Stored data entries
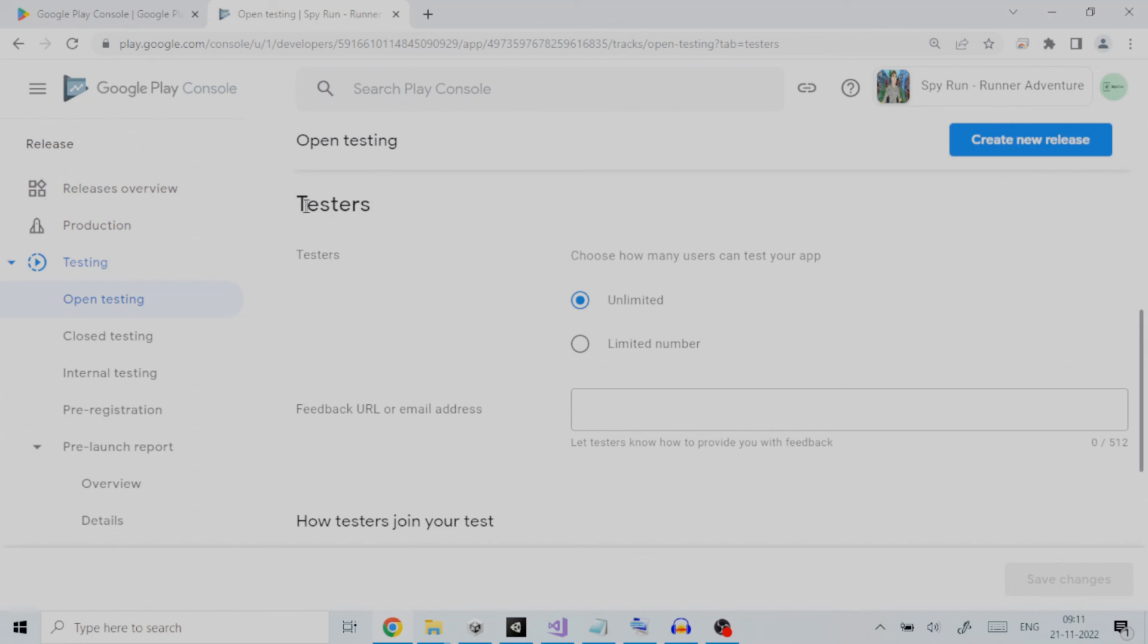Under testers section you get two choices as to how many testers can test your app. Unlimited will have no restriction on the number of testers and everyone can do testing.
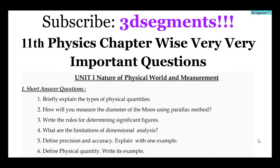Hi students. We are going to talk about the 11th standard. In the first group, you have to learn Physics and Chemistry. In the Biology group and the Computer Science group, the subjects you have to learn are English, Physics, and Chemistry.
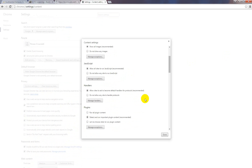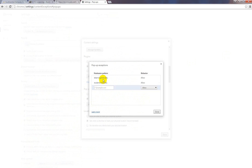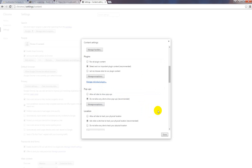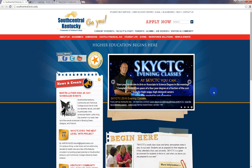Scroll down where it says Pop-ups, Manage Exceptions. Then you type in either elearning.kctcs.edu, or you can insert Cengage.com, and it says Done. Done and Exit. And that's it.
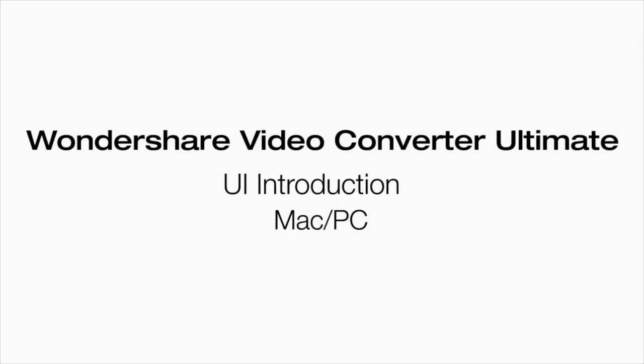And you're done. You just learned Video Converter Ultimate's user interface. For more, check out our other videos about Wondershare's Video Converter Ultimate.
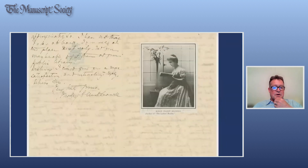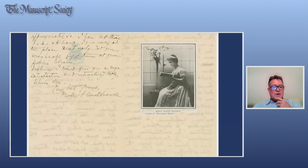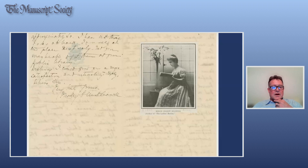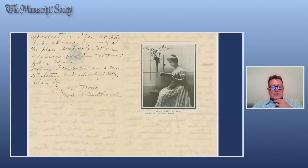Her handwriting is a bit difficult to read, so it would be very useful to have some of these digitized and transcribed so we can do text mining, OCR, and keyword searching across the materials.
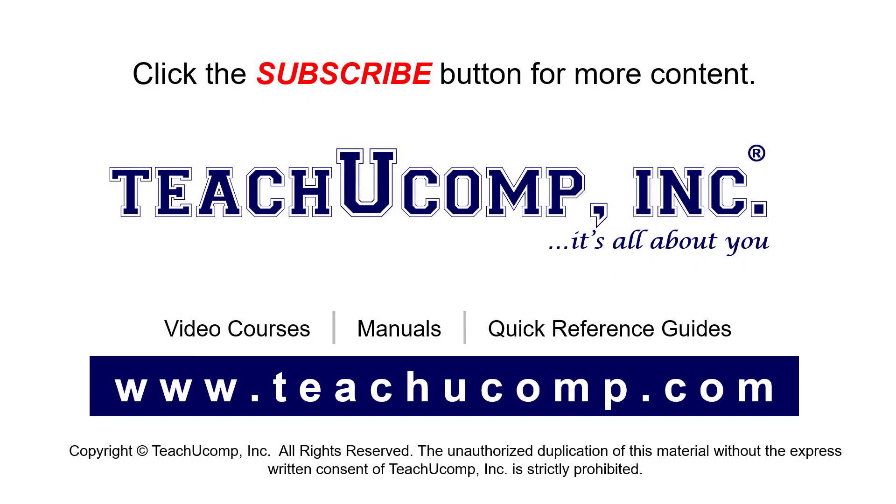Remember to click the Subscribe button to see more of our videos. See our full suite of courses, instruction manuals, and quick reference guides at www.teachucomp.com.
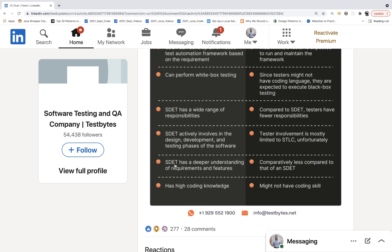SDED people often have less knowledge about requirements and features because they are not involved in those discussions most of the time. They think: 'I'm the SDED, I write code and do automation — my job is just to convert manual test cases into automation.' But which test cases to automate, how to automate, test data preparation, environment and infrastructure — that's also their responsibility. And if automation isn't ready or there's no time, SDED has to be involved in functional testing too.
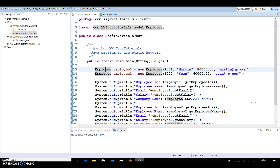The nested static class has already been covered in the internal classes set of video tutorials, so you can go and watch those. In this video series we are going to cover three things: the use of a static variable, static methods, and a static block. In this video tutorial we'll see the static variable first, and the next two videos will cover static methods and static block.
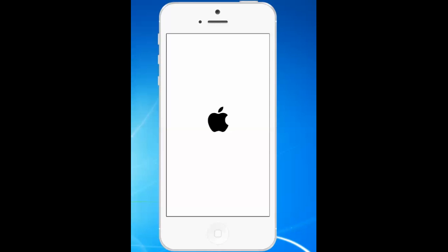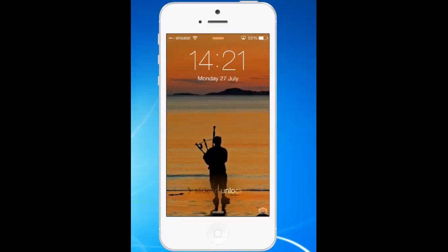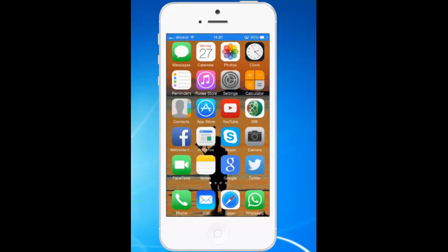Now the phone has restarted. After the phone restarted, you can see that the carrier strength is now displayed in bars rather than in dots. So this is how you can display the phone's signal strength in bars rather than in dots by using the jailbreak application called Bars.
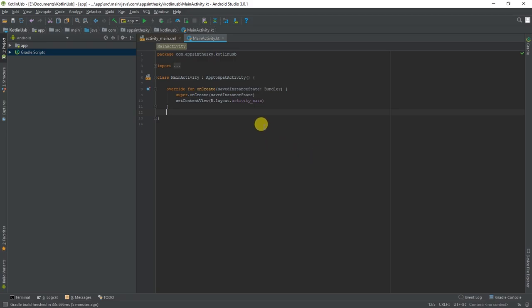In the first section we will be covering the setup of the app, which includes setting up the UI, the manifest, and the Gradle, with the second section covering the actual Kotlin code.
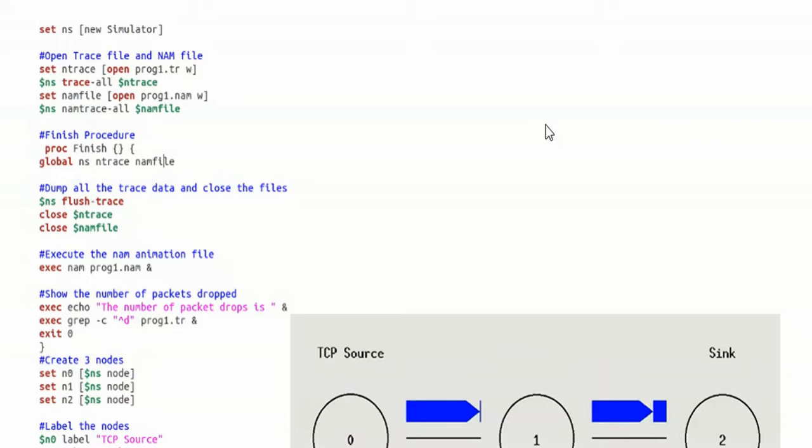Let us see the logic now, how we can write the code for the program that we discussed. Before this, I just want to talk about the prerequisites. You should have NS2 installed on your Ubuntu — make sure that you have Network Simulator 2 installed on your Ubuntu. Then you can write this code and execute it on Ubuntu. So let us see the code.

(What to produce)
Begin with the first line of the entries above and write out each line exactly, ending with the line containing "Scroll down where". Leave out pictures.

(The answer)
Under testers section you get two choices as to how many testers can test your app. Unlimited will have no restriction on the number of testers and everyone can do testing.
Hi students. We are going to talk about the 11th standard. In the first group, you have to learn Physics and Chemistry. In the Biology group and the Computer Science group, the subjects you have to learn are English, Physics, and Chemistry.
Scroll down where it says Pop-ups, Manage Exceptions. Then you type in either elearning.kctcs.edu, or you can insert Cengage.com, and it says Done. Done and Exit. And that's it.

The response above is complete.